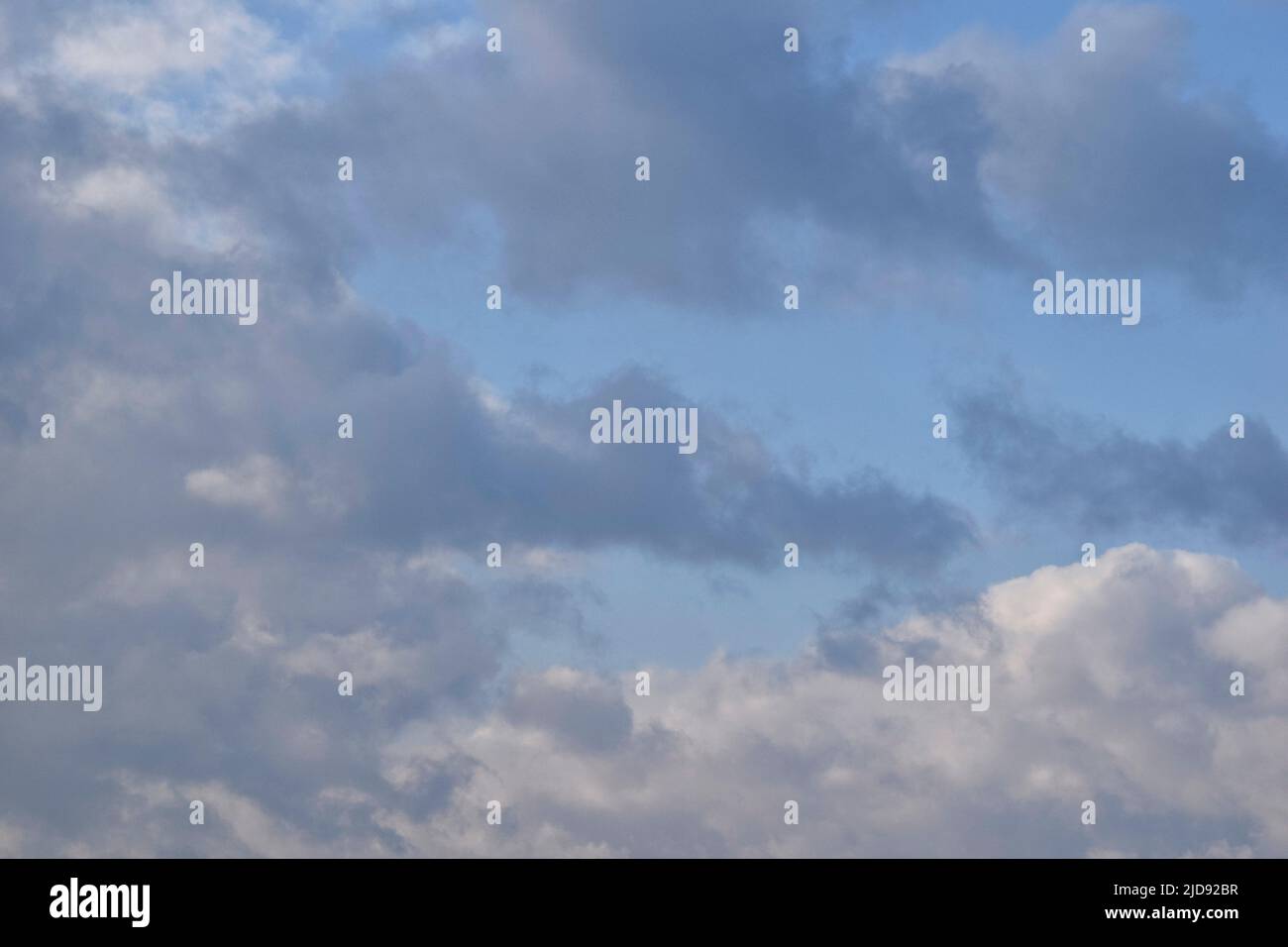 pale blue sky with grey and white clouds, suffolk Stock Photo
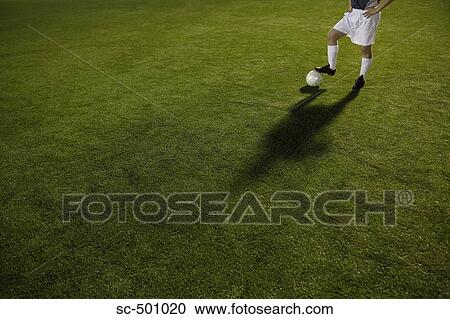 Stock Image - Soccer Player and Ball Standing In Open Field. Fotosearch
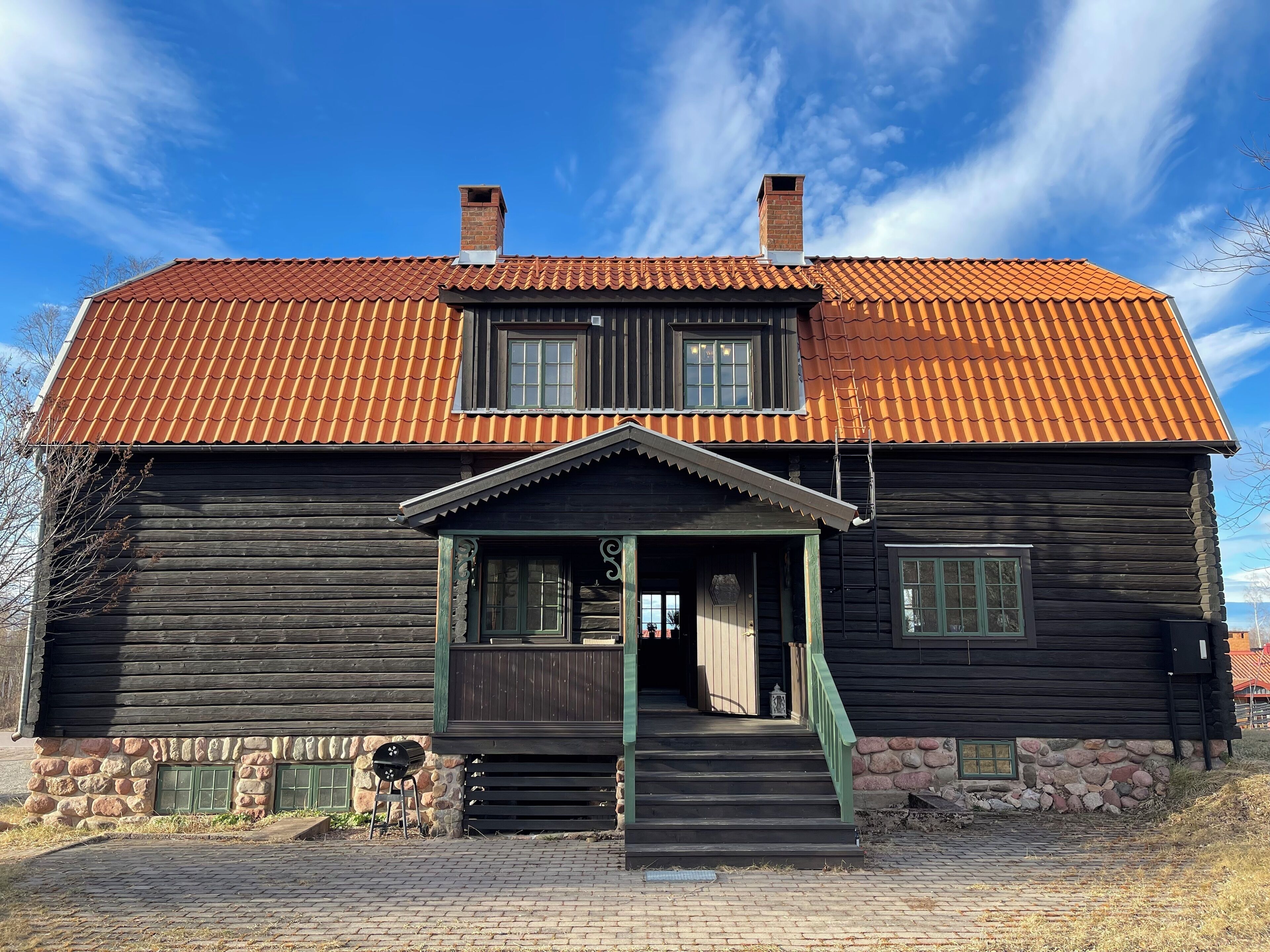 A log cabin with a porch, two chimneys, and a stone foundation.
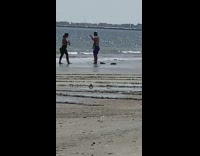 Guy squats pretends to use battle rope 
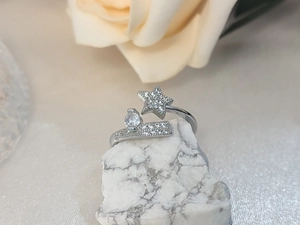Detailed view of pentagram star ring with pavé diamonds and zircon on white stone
##############################
What this task involves :: Retype the whole listing exactly and leave the pictures out.

Exercise output ::
 pale blue sky with grey and white clouds, suffolk Stock Photo
 Stock Image - Soccer Player and Ball Standing In Open Field. Fotosearch
 A log cabin with a porch, two chimneys, and a stone foundation.
 Guy squats pretends to use battle rope 
Detailed view of pentagram star ring with pavé diamonds and zircon on white stone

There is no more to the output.